14 comments on “Bill McKibben: Civilization's last chance

  1. gdb in central Texas says:

    What an ill-informed, non-scientific, and, for want of better adjectives, stupid editorial.

  2. Marion R. says:

    If one is to be consistently naturalistic and scientific about it, all life is ultimately pointless and futile. But then again, so is my annoyance at the finger wagging of the inconsistently naturalistic and scientific.

  3. Cennydd says:

    In short, it’s baloney!

  4. Creedal Episcopalian says:

    The fuel market is starting to look like the real estate bubble. I don’t think I would want to have a large position in oil futures when the bubble pops, say, around 8:00 AM on November 3rd.

  5. Laocoon says:

    Kendall,

    Thanks for posting this. As my screenname suggests, I am wary of people bearing insidious ‘gifts’ (e.g. the ‘gift’ of revised Christianity); also as it sugggests, I am concerned that we too often ignore the prophets because we are focused on our own short-term gain and we ignore what ought to be clear to us. McKibben is one of our great environmental writers, and a faithful Christian whose concern for the environment is tied to his love for Christ and for the poor Christ commanded us to care for. His voice is, in some ways, like that of a prophet.

    Here’s something worth thinking about: each year we go through petroleum that took tens of thousands of years to make. Simply put, it will not last forever, and it won’t likely last for long. Our use of limited resources should not be myopic, but should consider that (a) we will someday run out of some resources, and so we should not be caught by surprise by that; (b) when we use up resources, we are deciding that future generations will simply not have access to those resources, even if they might have better uses for them or greater needs; and (c) when the consequences of our actions eliminate species, or habitat for humans, plants, and animals, we are similarly limiting our options and the options of those who come after us.

    God told our forebears to tend the garden and make it a place where life could flourish; Jesus told our spiritual forebears to care for the poor, to defend the defenseless, and to love one another. Careful stewardship of the world God made and called “very good” surely is an important part of how we obey those commands.

    Again, Kendall, thanks.

    Laocoon

  6. dwstroudmd+ says:

    Just for funsies, go back, way back, way, way back to 1974 and the impending doom of the planet scenario then considered…
    http://www.junkscience.com/mar06/Time_AnotherIceAge_June241974.pdf

    And it was in TIME so it MUST BE TRUE………

  7. Bart Hall (Kansas, USA) says:

    I ceased my donations to Middlebury nearly ten years ago (I’m Midd ’71) because they enthusiastically and repeatedly support such piffle. The last straw was their effusive praise of Eve Ensler’s (Midd ’82) ‘Vagina Monologues,’ described by the leftist lesbian professor, Camille Paglia, as “ragingly anti-male.”
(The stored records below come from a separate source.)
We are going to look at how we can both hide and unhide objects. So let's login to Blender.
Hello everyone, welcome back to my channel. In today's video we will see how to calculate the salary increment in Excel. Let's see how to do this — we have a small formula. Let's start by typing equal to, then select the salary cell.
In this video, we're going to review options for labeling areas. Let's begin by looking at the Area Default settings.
    Middlebury used to be a good school. It’s departments of science and languages still are. As for the rest … well, McKibben’s piece is depressingly typical.

  8. Peter dH says:

    #5 spot on.

    Some other respondents in this thread may one day rue their naive optimism. Problem is, there’s a propaganda war going on, and most people simply aren’t remotely qualified to make up their minds which of the arguments are scientific and which ones are merely pseudo-scientific drivel. So, unsurprisingly, most choose to believe simply what is congenial to them.

    Very postmodern, that. It’s interesting how that can coexists with an orthodox Christianity and, presumably, a recognition of absolute truth. Not just in individuals, but entire cultures. Deeply self-contradictory, if course, but that’s human nature post-Fall.

  9. Laocoon says:

    Bart,

    Have you considered supporting the Midd Christian Fellowship? Those students work extra hard to be salt and light on campus, and do a good job at it.

    Laocoon

  10. John Wilkins says:

    Bill McKibben does his homework. His view, of course, is that churches can save the world. He’s a writer – and a popularizer of science and economics. His book, Deep Economy, is readable and excellent.
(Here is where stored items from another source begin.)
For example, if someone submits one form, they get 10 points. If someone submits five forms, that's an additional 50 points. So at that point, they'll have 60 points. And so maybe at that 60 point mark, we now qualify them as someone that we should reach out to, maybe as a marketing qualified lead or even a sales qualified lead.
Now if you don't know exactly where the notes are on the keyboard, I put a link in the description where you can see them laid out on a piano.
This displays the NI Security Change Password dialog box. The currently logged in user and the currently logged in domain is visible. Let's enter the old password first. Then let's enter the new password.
    People can call it “pfiffle” but there’s no evidence. Why is 350 wrong? They call his science bad, but offer no evidence to counter it.

  11. John Wilkins says:

    Bart, Cynedd, GDB – perhaps you might inform the less educated of us why NASA’s chief climatologist, James Hansen, would write: in GDB’s words, something “ill-informed, non-scientific.” Mckibben is simply reporting that “if humanity wishes to preserve a planet similar to that on which civilization developed and to which life on Earth is adapted, paleoclimate evidence and ongoing climate change suggest that CO2 will need to be reduced from its current 385 ppm to at most 350 ppm.” Most of you seem confident enough that the scientists at NASA are idiots. NASA. Unscientific.
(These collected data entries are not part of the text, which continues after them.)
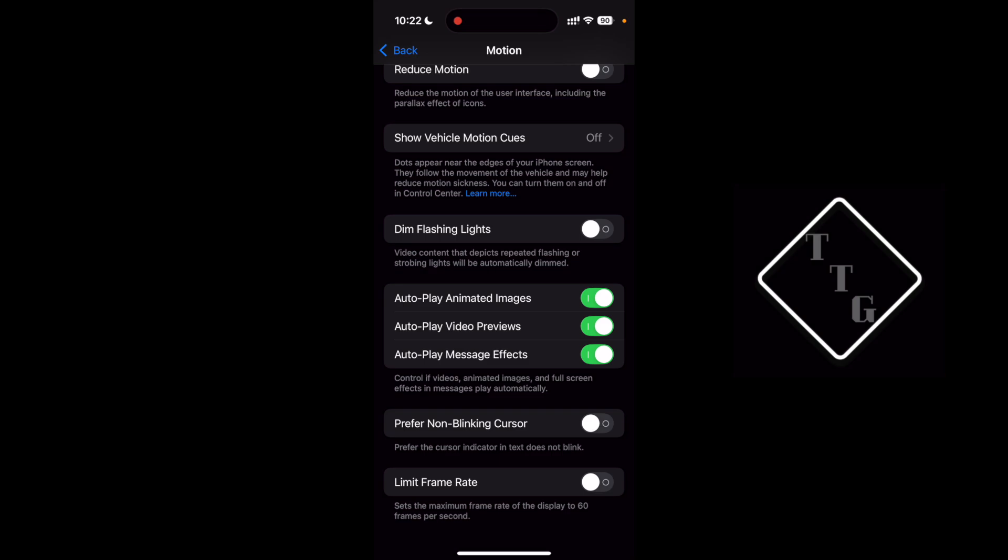Now keep in mind, this does not work on the standard iPhone 16 that does not have the ProMotion display. This toggle is only available for the Pro models with the 120 frames per second refresh rates.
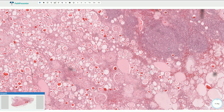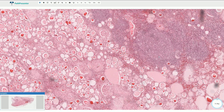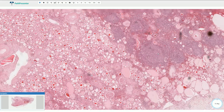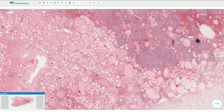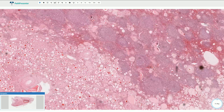Here we see prominent chronic inflammation composed of lymphocytes, and here we even see the formation of follicles with activated germinal centers.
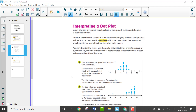You can describe the center and shape of a data set in terms of peaks — think of a mountain peak — clusters, or symmetry. A symmetric distribution has approximately the same number of data values on either side of the center. It doesn't have to be exact, but roughly about the same number of data values on either side.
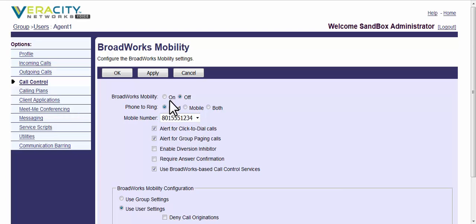And you can control whether it's on or off, whether only your fixed phone, which is the phone on your desk, rings, your mobile, or both. You can do that right here with Broadworks Mobility.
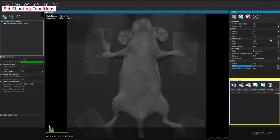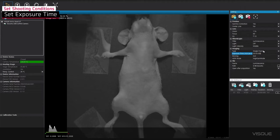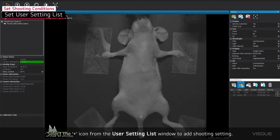Select Filter as Luminescence to capture Lumi signal. Set the exposure time based on the strength of the signal. Select the plus icon from the User Setting List window to add shooting setting.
    I think I’m going to trust NASA. I’m going with the rocket scientists.

  12. Laocoon says:

    Well said, John Wilkins.

  13. Bart Hall (Kansas, USA) says:

    Well, for starters an awful lot of geologists, astronomers, and solar physicists are highly skeptical of the entire global warming scenario.

    For example, recent high resolution ice core studies at the Russian Vostok base in Antarctica have determined that temperature increases lead CO2 rise by about 800 years. A lagging phenomenon cannot cause a leading one.

    For example, Earth radiates as a blackbody at 300 K (about 80F). At that temperature CO2’s overwhelming IR absorption spectra at 13.5 to 15.5 can account for only 8% of radiation. Conversely, over 90% of Earth’s IR radiation is unaffected by CO2.

    For example, CO2’s IR absorptive capacity saturates out at about 200 ppm. Beyond that point it can absorb no more energy. Consequently a putative decrease from 385 to 350 is irrelevant. That’s why 350 is wrong: it doesn’t matter.

    For example, in Roman times Britain produced abundant wine, something it hasn’t been able to do for the last 1000 years … back to when Greenland was, well, green.

    For example, 450 million years ago Earth’s CO2 levels were better than ten times those of today, yet it was the coolest period in the last billion years.

    For example, 50 million years ago climate near the North Pole resembled that of Memphis, complete with cypress trees.

    For example, leading Canadian solar physicists are deeply concerned that current low solar activity — and ten years of gradual cooling — may presage a return to the Maunder Minimum of the late 17th Century … the “mini Ice Age.”

    For example, observed atmospheric temperatures above 10 km demonstrate a trend opposite that predicted by all extant global warming models.

    There’s plenty more, from hundreds of very reputable scientists, but I’ll leave it at this for now: climatologists in general are remarkably ignorant of [i]paleo[/i]-climate, a near-fatal flaw in their perspective.

  14. John Wilkins says:

    450 million years and 50 million years there weren’t any human beings. You say an “awful lot” but… who are they? why haven’t we heard from them?